Demetria Royals is an American director, producer, and Film editor.


She is an alumna of New York University's Graduate Institute of Television and Film in February 1982 where she earned her bachelors in journalism and her Masters of Fine Arts degree.


She received a Writers Fellowship from the Writers Guild of America, a New York Foundation for the Arts Fellowship in Video and a writing development grant from the Funding Exchange Women's Project Scriptwriting Development Fund. She is also a member of the Directors Guild of America since 1982. She was previously director of the Film program at Sarah Lawrence College. She was an associate professor of Media Arts and Writing in the School of Contemporary Arts art Ramapo College in New Jersey.

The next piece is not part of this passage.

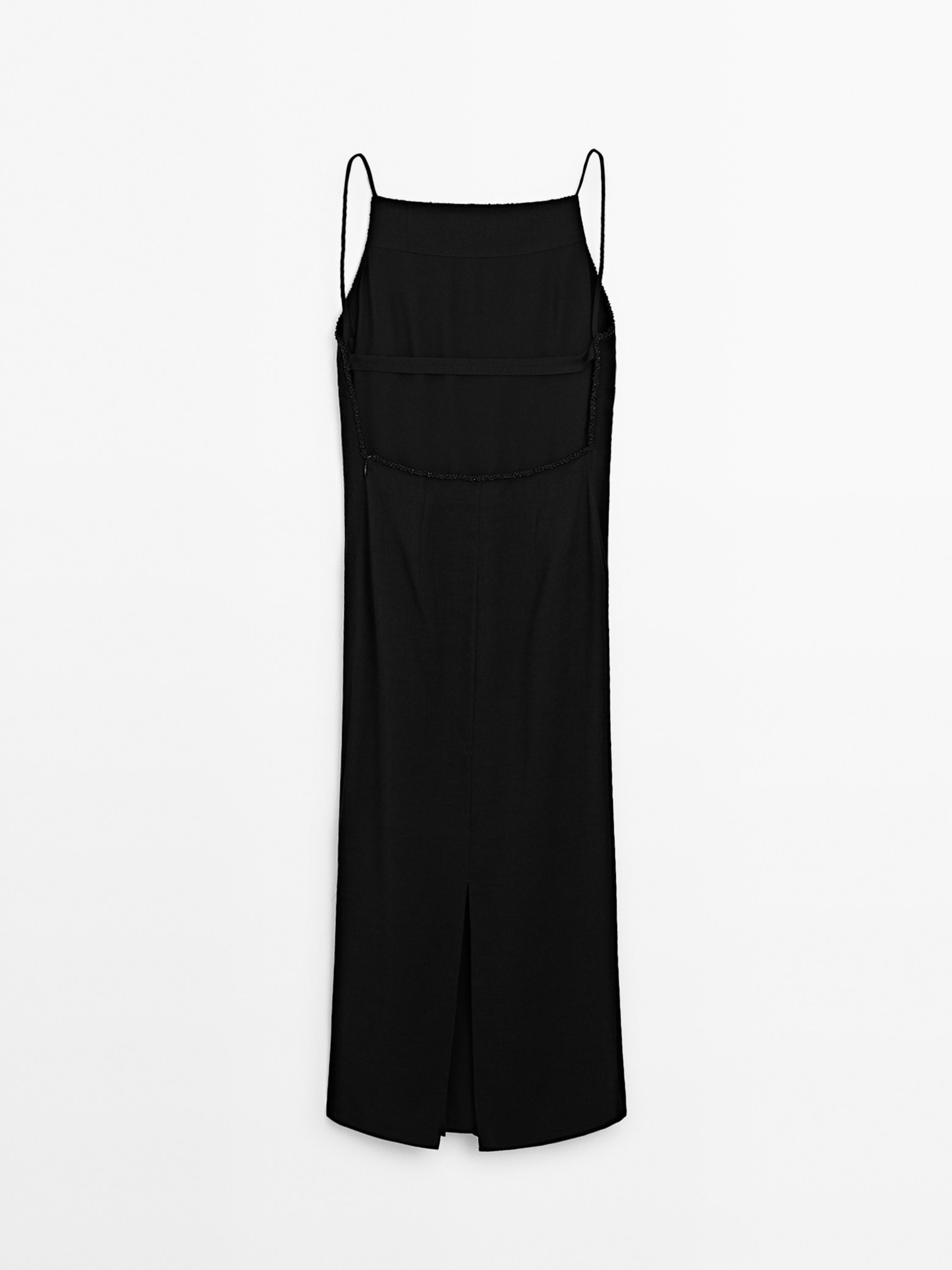 Long dress with rhinestone detail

Majestic Theatre, Brooklyn
  • Inventing Herself 1993
  • Mama's Pushcart: Ellen Stewart and 25 years of La MaMa E.T.C. Conjure Women 1995

Inventing Herself[edit]

Royals began her public films with Inventing Herself, a videowall installation of images of African American women. This work premièred at the 1993 Mill Valley Film Festival. It was reset-up at the Majestic Theater of the Brooklyn Academy of Music along with an international arts fest in 1995.

Conjure Women[edit]

Conjure Women is a performance-based feature film documentary (1995) exploring the artistry and philosophy of African American female artists. They use their art expertise to recover the African traditions that their previous generations had to renounce. Having grown up in the West they must fight to reclaim their "Africanisms". The director Demetria Royals says it is "telling the story of African Americans in our own distinct and self-defined voices. " It also looks at challenging the existing stereotypes of African American culture. It was first shown at the 1995 Mill Valley Film Festival and broadcast on national television in February 1997. It is funded by the Corporation for Public Broadcasting and the National Endowment for the Arts. It lasts 85 minutes and is available on 16mm and video.[1]